Yesterday was my last day of internship at AARP The Magazine (Yes, I finally wrote that forbidden word and before I publish this post, I’m going to put AARP as one of the tag).

Owh, most of you probably do not know why AARP is such a forbidden word on my blog. The reason is because I used to be one of their interns and we, and when I say we that means all employees, contractors, etc., are not supposed to mention (almost) anything about the company on our personal blog. They have this alert that will tell them everything that says AARP. It’s not something uncommon in a big company like AARP. So, I should I understand that. But, because I’m so out of there right now, I can say whatever I want. And I guarantee you, I’ll be honest here. Ready??


I LOVE my internship.There is nothing not to love about being an intern at AARP The Magazine. I know, you probably think, “So, you like working with old people?” or “Do you write about your grandma and grandpa?” Well, it’s not that bad to research on topics that appeal to that age group. I wouldn’t know that you could actually improve you eyesight just by believing that you could see better, if I didn’t research on deteriorating vision .

But, what I like most about this internship are the staff. Especially, my supervisor. I know most of you are familiar with one of those supervisors who thinks that you are JUST an intern. But not my supervisor. He is the sweetest supervisor EVER. He doesn’t talk down to me, he said thank you all the time, and of course, he always said please when he asked me a favor.

I kind of have different expectations when I entered The Magazine, but I can’t always get what I want right? I mean, how could I expect five bylines if I can’t even think of the word “minutiae” instantly and always use the word “detail” instead.

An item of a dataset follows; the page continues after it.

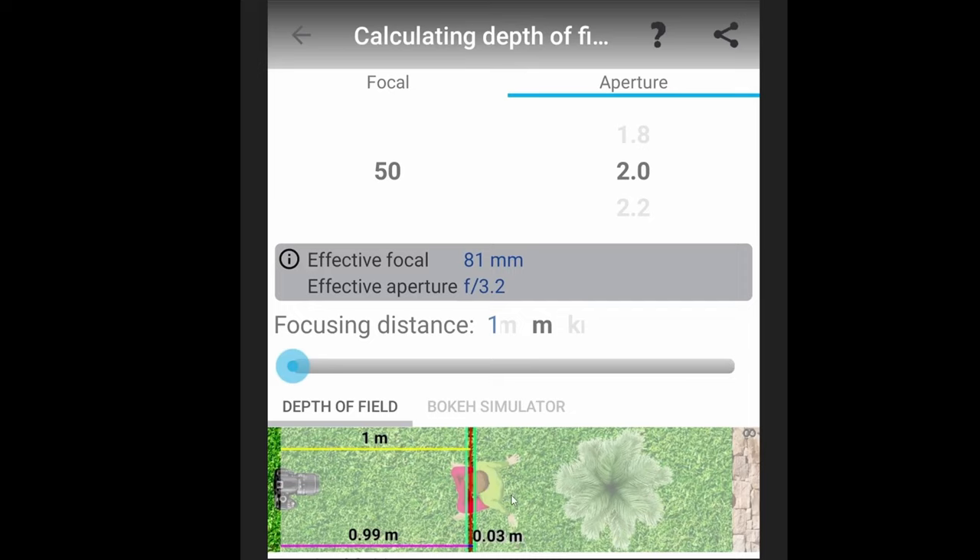Before we dig in and take photos of this ball, you need to understand what depth of field is in order to understand focus bracketing. I'm going to show you an image on the screen right now. This is a photography app I've downloaded that calculates depth of field — I thought it would be a great idea to show you what I mean.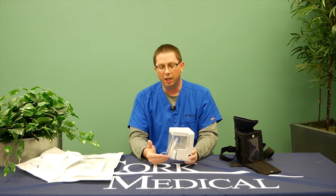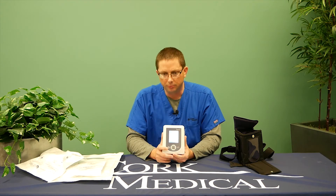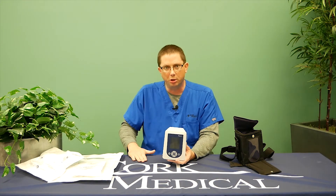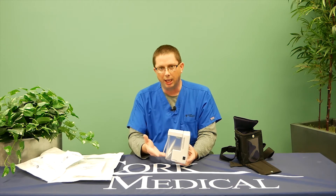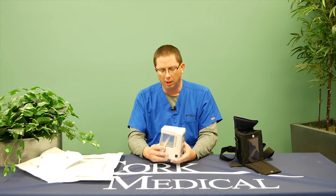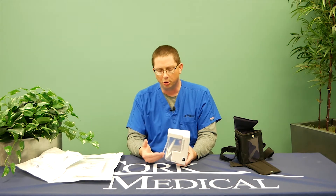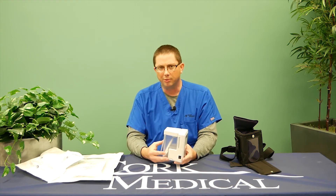If you notice your canister filling with frank red blood in a rapid manner, you need to immediately power off the pump. If you're able to reach your wound, apply pressure to the wound and call 911. It's normal to have a little Kool-Aid color or pinkish drainage, but the main cautionary note is if it fills the canister rapidly with bright red blood — power off the pump, hold pressure, and call 911. There is a risk of bleeding associated with negative pressure. Do not remove the dressing. If you notice any significant changes in your drainage, a smell, or the consistency of your drainage, you need to notify your medical provider of that change.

Anyways, I met the nicest people during my internship. The editors always have their door opened for questions and ideas. They also treated me like I’m smarter than I actually am. They talked to me like I was born American. They really did treat me nicely and never looked down on me (see! I can’t think of another expression for “look down”). LOL. OK. Let’s put it this way, they treated me like, uhm… let’s say reliable adult??

So, yeah, I think the most valuable thing about my internship is the fact that I could meet and work with these awesome people. I can learn about where to put commas by reading a writing manual. I can do research in an instant on Google. But, I can’t meet these people if I went somewhere else for the internship.

Everyone was very helpful. There’s one day when I really need help with the archive and this lady (whose name I’m not going to mention) helped me find all the stuff that I was looking for and she actually stopped what she’s doing and showed me all the things that I needed. She didn’t look like she was in a hurry at all. I could tell that she was VERY VERY OK with helping me.

Also, as an intern, I was included in many of their stuff. At my previous intern site, interns were not part of meetings AT ALL. Here, at AARP The Magazine, interns are always going to be invited for regular meetings. So, interns learn the process of publishing an issue. I mean, at least interns know enough about the publication. Which intern wants to be clueless all the time? EXACTLY. Not here.

And you know what else I like? My supervisor never referred me as an intern on the phone. My supervisor always said, “Awis here will transfer you to the right person,” or “Awis will send you the issues.” I think it’s really cool because I felt like I was treated equally with the rest of the people in there. It’s a great feeling.

Bottom line… no one should be worried about what I’m going to say here in the first place. There’s zero negative thing to blab about here. Cool??

It’s nice that I don’t have to commute from Towson, MD to Washington, DC during rush hour ever again. But, it’s sad that I won’t be seeing these good people anymore. On my last day, when I said good bye to them, I literally had to hold a little bit of tears. I’m glad that I’m done but I just couldn’t believe that it’s over. =(

But, I’ll make sure to stay in touch with them. Maybe one day I’ll come back to America. Or maybe, one of them will travel to Indonesia. Who knows?